Under normal circumstances, a share buyback by a publicly listed company must first obtain approval from the GMS as required under OJK Regulation No. 29 of 2023 on the Buyback of Shares Issued by Publicly-Traded Companies. However, under POJK 13/2023 which became effective since 20 July 2023, it provides an exception for such approval in the event of significantly fluctuating market conditions.

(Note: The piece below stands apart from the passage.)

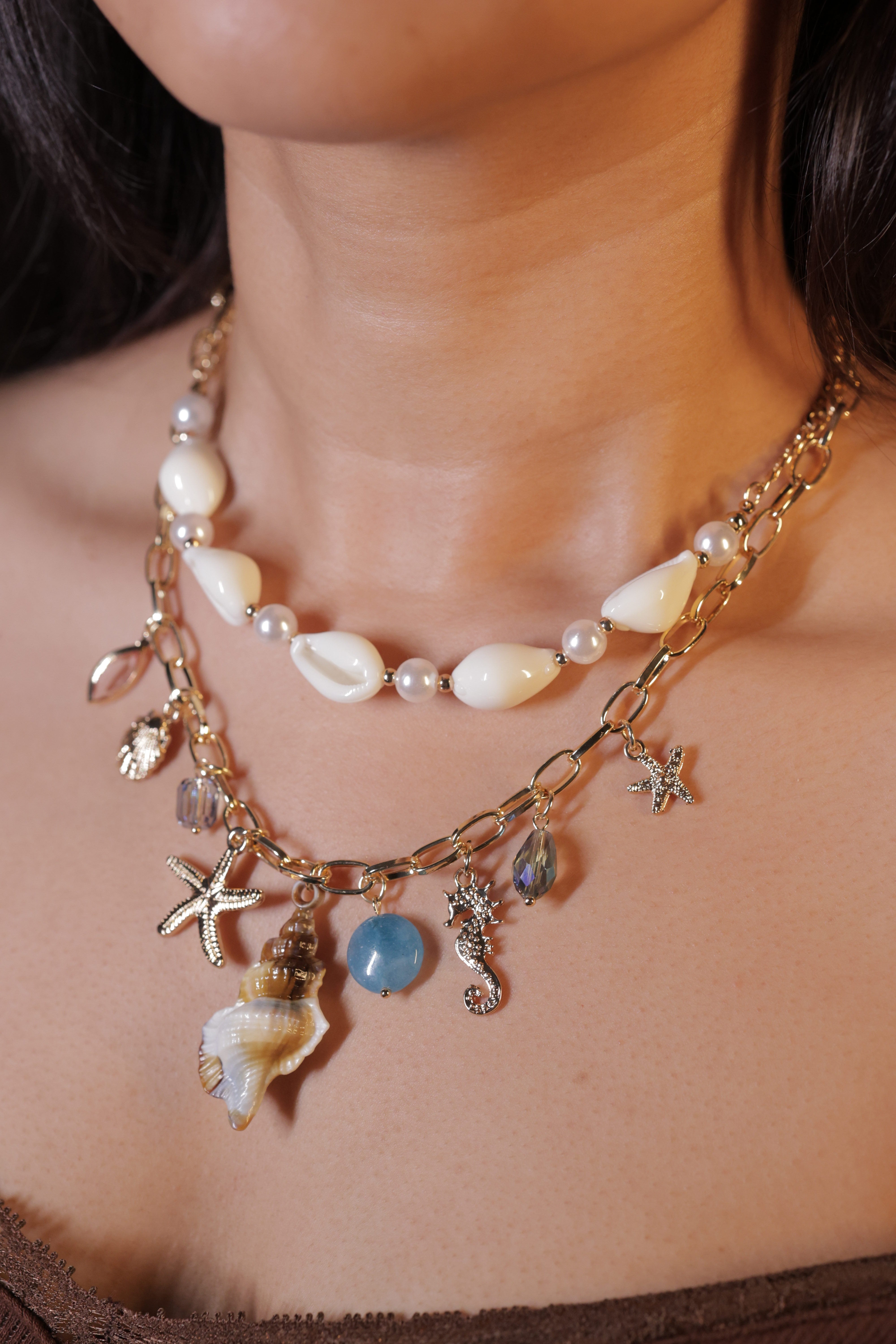 Mermaid's Treasure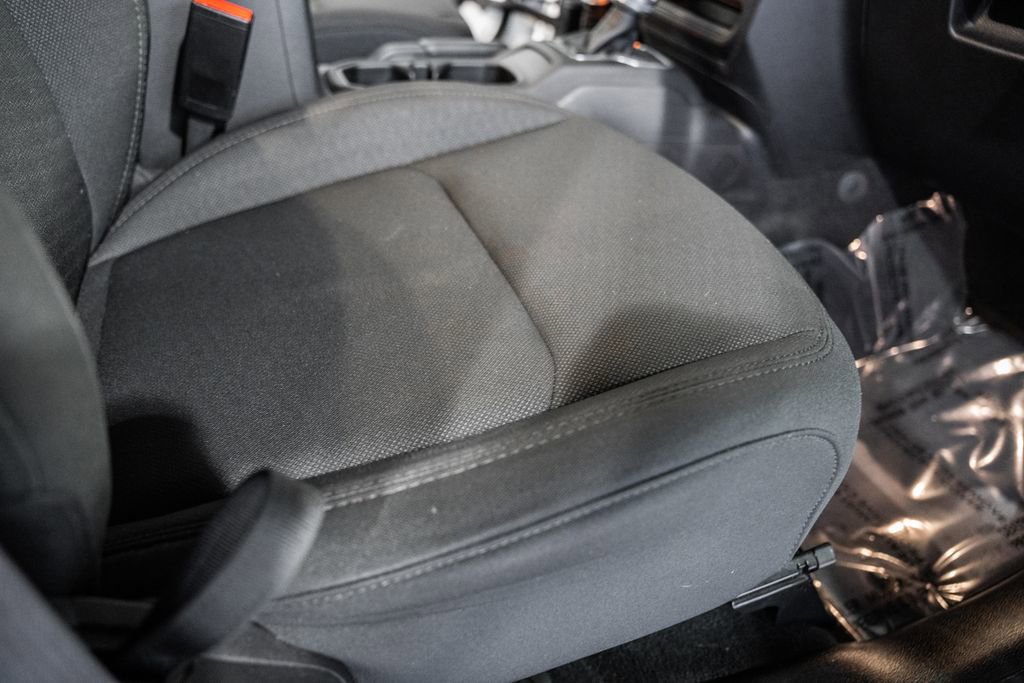 Used 2022 Jeep Wrangler Unlimited Sport image 37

This exception allows a publicly listed company to conduct share buyback without prior GMS approval, provided it does not violate market manipulation and insider trading rules under the Indonesian capital market regulations.
Article 2 of POJK 13/2023 sets out several conditions under which market fluctuations are deemed significant, including:
- a decrease in most or all of the prices of securities listed on the stock exchange or market organizers outside the stock exchange in which such a large amount of material occurs suddenly (market crash);
- the capital market is under significant pressure;
- regional and global economic conditions that are experiencing pressure and deceleration so as to have a significant impact or potential to have a significant impact on the stability of the capital market;
- occurrence of natural or non-natural disasters that have an impact on the pressure on the stability of the capital market;
- such a large redemption of shares or investment product participation units and material in nature which occurs suddenly (crash), the cessation of securities trading for most of the securities portfolios of investment products at the stock exchange, or the closing of the stock exchanges in which most of the securities portfolios of investment products are traded;
- trading system failures or transaction settlements which cause the market to fluctuate significantly; and/or
- other conditions as established by the OJK.
In this context, the Press Release Letter expressly confirms that the ongoing situation falls within the scope of Article 2(g) as “other conditions as determined by OJK.”
Under Article 8 of POJK 13/2023, the maximum number of shares that may be bought back under these circumstances is 20% of the publicly listed company’s paid-up capital.
To initiate the buyback without GMS approval, a publicly listed company must first submit an information disclosure to both the OJK and the stock exchange and announce the plan to the public through:
- the website of the stock exchange and the website of publicly listed companies, for a publicly listed company whose securities are listed on the stock exchange; or
- a nationally circulated daily newspaper in the Indonesian language or a website designated by OJK, along with the company’s own website, for a publicly listed company whose securities are not listed on the stock exchange.
Disclosure may be made once OJK declares that significantly fluctuating market conditions exist and must be submitted no later than seven trading days after OJK determines that such conditions have ended.
Based on Article 9 paragraph (5) of POJK 13/2023, the disclosure of information must contain the following information:
- the estimated schedule, the estimated cost of the buyback, and the estimated nominal value of all shares to be bought back;
- the estimated decrease in revenue of the publicly listed company as a result of the implementation of the buyback of shares and the impact on the financing cost of the publicly listed company;
- pro forma earnings per share of the publicly listed company after the plan to buyback the shares, by taking into account the decline in revenue;
- limitation of share price for the buyback of shares;
- limitation on the period of buyback of shares;
- the method to be used in order to buyback the shares; and
- management discussion and analysis on the effect of the buyback of shares on the business activities and growth of the publicly listed company in the future.
In addition, Article 11 of POJK 13/2023 prohibits the following parties from conducting transactions involving the shares of a publicly listed company during the share buyback period or on the same day as the sale of shares resulting from the buyback conducted by the publicly listed company through the stock exchange:
- a commissioner, director, employee, and principal shareholder of the publicly listed company;
- an individual who due to his/her position or profession or due to his/her business relationship with a publicly listed company allows the person to obtain insider information; or
- a party who within the last six months is no longer a party as referred to in letter a and letter b.
A report on the buyback results must be submitted to OJK on the same day the transaction is executed, following the trading close. This reporting must continue throughout the buyback period until its conclusion.